Eduardo Wolf obtained his BS in Civil and Chemical Engineering at the University of Chile, Santiago, Chile; MSc at the University of California, Davis and PhD at the University of California at Berkeley. He joined the Chemical Engineering Department at the University of Notre Dame in 1975, became full Professor in 1984, and the A. Earley Chair Prof of Energy and Environment in 2014. His research is characterized by studies of catalytic systems both from experimental and reaction engineering point of view, focusing on the use of in situ techniques for understanding the structure–activity correlations of supported and model catalysts. In catalytic reaction engineering he has focused on using Monte Carlo computational techniques to simulate catalytic reactions at the nano-structural level. He has published over 200 papers, edited one book, and has been granted 4 patents. He has directed 31 PhD theses, 15 MSc students and has collaborated with more than 12 visiting researchers/faculty. He received the ND-Kaneb award for innovative teaching and the Ibedrola award for distinguished visiting scientists from Spain. Eduardo Wolf was the founder and first director of the Catalysis and Reaction Engineering Division of the AICHE.

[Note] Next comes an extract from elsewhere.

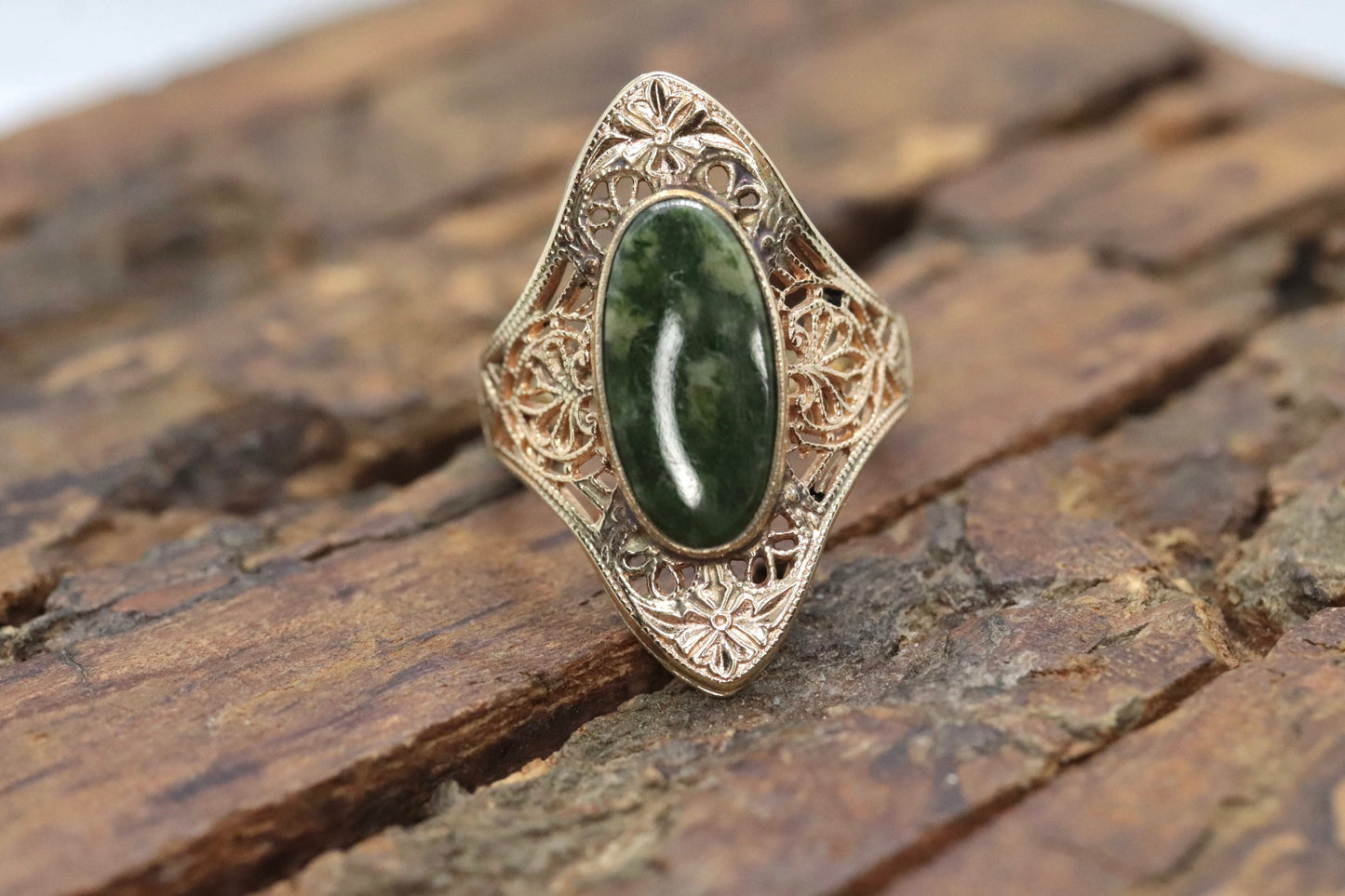 10k Open Flowers Shield and Green Moss Agate ring. Skinny Dainty 10k PSCo Stamped ring. st97/75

Fan Zeng obtained his PhD degree in Chemical Engineering under the guidance of Prof Hohn in 2016 from Kansas State University, USA. His PhD dissertation dealt with catalytic processes for conversion of natural gas engine exhaust and 2,3-butanediol conversion to 1,3-butadiene. His main research interest and expertise are microkinetic analysis of catalytic reactions, heterogeneous catalysis for upgrading bio-sustainable materials and thermal energy storage.
Feng Zhang is a fourth year PhD student in Materials Science and Engineering department at Stony Brook University and is currently working as a Research Assistant in the Catalysis: Reactivity and Structure (CRS) Group at Brookhaven National Laboratory (USA). Her research focuses on the in situ characterization of the metal/oxide catalysts for the activation and conversion of methane to value added chemicals via synchrotron-based techniques.
Stacey I. Zones is currently a Research Fellow with Chevron's Energy and Technology Company, working in the catalyst department. He has also been an Adjunct Professor in Chemical Engineering at the University of California, Berkeley. Dr Zones earned a PhD in Inorganic Chemistry from the University of California at San Diego in 1978. He joined Chevron in 1980 and began a program in searching for new zeolite structures with a strong emphasis on designing organic cations to aid in the synthesis. He continues to head that effort for Chevron, as well as contribute as a team member in efforts to develop the zeolite products into commercial use, working on manufacturing and catalyst development efforts. He is also involved in new business opportunities. Dr Zones is a co-author and co-inventor on more than 160 zeolite science papers and 160 technology patent applications. His research was recognized by the International Zeolite Association with the 2001 Breck Award for outstanding research contributions, and Houdry Award from the North American Catalysis Society in 2007 for contributions in applied catalysis. In 2014, he was elected to the United States National Academy of Engineering. Most recently he was honored with the Catalysis and Reaction Engineering Division (CRE) Practice Award from AIChE in 2016.